Regarding the reviewer’s question about Exp.1: yes, the model does infer weak connections even when no ground truth connectivity is present. However, these inferred message norms are two orders of magnitude smaller than those associated with true connections. To illustrate this, we have added heatmap visualizations showing the full distribution of inferred message norms (Fig. 3).
I would like to thank the authors for conducting the additional experiments. This work would be a valuable contribution to the literature.
A minor point regarding the rebuttal: my original question was about what pattern the model would infer if the ground truth followed the structure shown in Figure (a.ii), rather than the connections depicted for Figure (a.i). I'm curious whether the model tends to explain the data primarily through node connectivity, and Figure (a.ii) would serve as an extreme test case for that. That said, this is a minor question and does not affect my overall opinion of the work.

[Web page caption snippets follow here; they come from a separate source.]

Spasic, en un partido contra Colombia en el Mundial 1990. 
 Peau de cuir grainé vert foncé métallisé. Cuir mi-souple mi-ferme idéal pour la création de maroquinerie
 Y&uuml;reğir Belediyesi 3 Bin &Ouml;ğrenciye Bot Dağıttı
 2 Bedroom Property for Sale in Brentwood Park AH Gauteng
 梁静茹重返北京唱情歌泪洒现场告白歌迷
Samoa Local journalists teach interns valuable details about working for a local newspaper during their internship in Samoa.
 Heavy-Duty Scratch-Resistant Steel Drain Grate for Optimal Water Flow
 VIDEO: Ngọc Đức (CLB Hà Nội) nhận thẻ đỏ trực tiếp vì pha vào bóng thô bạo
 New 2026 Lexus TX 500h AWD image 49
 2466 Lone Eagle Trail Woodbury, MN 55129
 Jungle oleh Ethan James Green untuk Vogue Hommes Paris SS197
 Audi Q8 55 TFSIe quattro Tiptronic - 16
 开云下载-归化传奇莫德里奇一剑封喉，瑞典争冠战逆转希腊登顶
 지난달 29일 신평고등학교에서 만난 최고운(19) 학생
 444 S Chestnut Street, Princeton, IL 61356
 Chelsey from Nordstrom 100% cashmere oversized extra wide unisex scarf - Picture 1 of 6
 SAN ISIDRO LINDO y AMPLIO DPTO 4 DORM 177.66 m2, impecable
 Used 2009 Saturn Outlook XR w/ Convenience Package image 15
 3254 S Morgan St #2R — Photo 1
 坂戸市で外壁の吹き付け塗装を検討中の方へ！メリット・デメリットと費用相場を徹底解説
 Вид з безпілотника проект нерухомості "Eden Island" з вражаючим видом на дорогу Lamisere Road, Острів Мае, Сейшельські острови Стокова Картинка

We thank the reviewer for their assessment and are glad to hear that they view this work as a valuable contribution to the literature. We also appreciate the clarification regarding the original question. Indeed, as described, MR-LFADS is encouraged to explain data via communication rather than inferred (unobserved) inputs whenever possible. There may be recording scenarios for which this inductive bias is not appropriate. We will expand our Conclusion section to address such potential limitations along with techniques to detect and manage such scenarios.
In the paper "Accurate Identification of Communication Across Multiple Interacting Neural Populations" the authors propose an extension of LFADS to multiple regions to model region-specific inputs and cross-region interactions. The authors test their model on synthetic data with ground truth network connectivity, external inputs and cross-region interactions. They show that their model outperforms existing approaches in identifying region-specific inputs and inter-region communication.
给作者的问题
- Line 81, right column: You claim that existing methods risk incorrect inferences about connectivity and communication due to incomplete recordings. Could you elaborate more on the functional aspects of such incorrect inferences due to incomplete recordings? For models providing purely functional descriptions of neural activity, there is usually no claim about the physiological connectivity of the regions, nor about causality. What does it even mean for an inference to be incorrect in the context of the functional model? I suppose you mean that if you were to add more complete recordings, the inferred connectivity would change. Could you clarify this point?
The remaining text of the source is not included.